Le service médiation des publics a encore fait du chouette boulot pour cette salve de jours loin de l'école en concoctant un cycle progressif de trois jours d'ateliers participatifs ayant comme colonne vertébrale les arts urbains. Progressif ? Le premier jour entre 14h30 et 16h30 (lundi 16 avril), les kids à partir de douze ans s'initieront à la pratique du dessin préparatif sous le patronage de deux artistes reconnus dans la scène graff du cru : Krea et Marco. Si le plus-si-enfant-que-ça a encore du mal avec l'art pictural, il pourra en parallèle se former au breakdance en compagnie d'Atom, membre émérite du Differents Crew.

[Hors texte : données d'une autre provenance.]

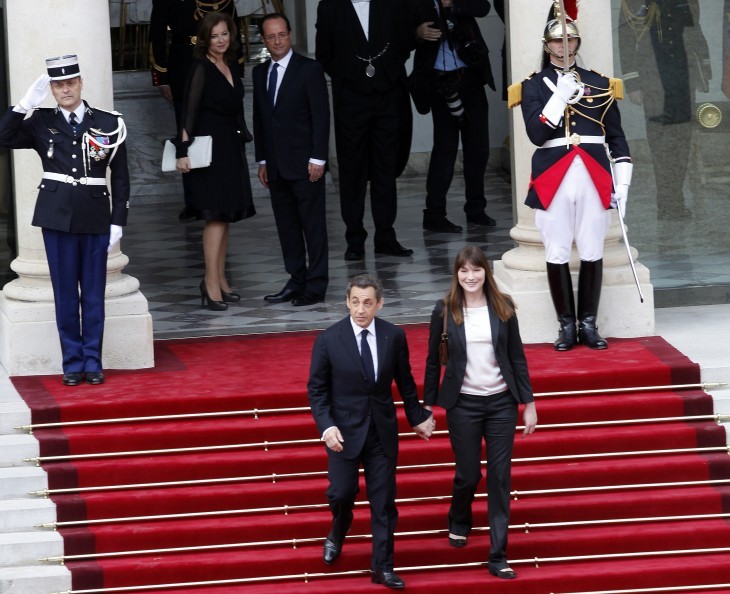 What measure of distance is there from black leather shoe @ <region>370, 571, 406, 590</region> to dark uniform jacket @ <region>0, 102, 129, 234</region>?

Les choses commencent à devenir gentiment sérieuses le lendemain – mardi 17 avril. En effet, exit les crayons de couleurs, bonjour les craies et la devanture métallique attenant à l'entrée du Périscope, toujours avec Krea et Marco. L'atelier en extérieur ne pouvant compter que six à sept enfants en simultané, les autres pourront attendre leur tour en réalisant des light-graph avec Vincent Delesvaux, photographe de métier et bidouilleur de l'extrême.

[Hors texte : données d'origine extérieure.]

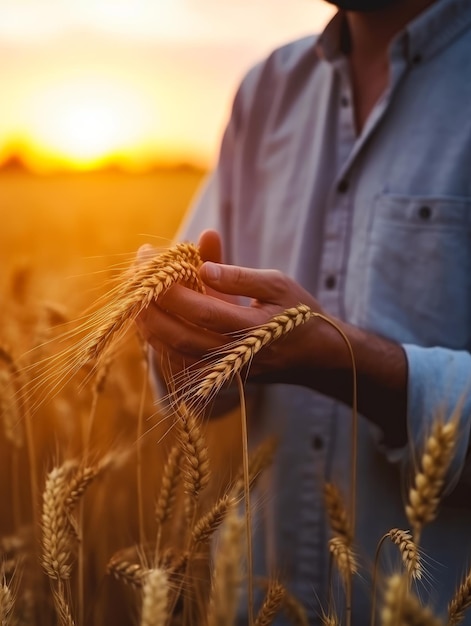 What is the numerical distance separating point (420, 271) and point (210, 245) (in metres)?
0.58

Le mercredi 18 avril, on rentre dans le vif du sujet pendant trois heures. On enfile tenue et masque de protection pour "défoncer" (jargon de graffers) la grille avec des vraies bombes de peinture qui font tchik tchik tchik quand on les secoue. Au même moment, le MC/beatmaker Raistlin apprendra au reste du groupe de marmots à confectionner leur première instru hip-hop. Il se murmure même que les apprentis-graffers réaliseront une fresque géante rue Delandine. Mais chut, c'est une surprise. Ne dites rien aux enfants.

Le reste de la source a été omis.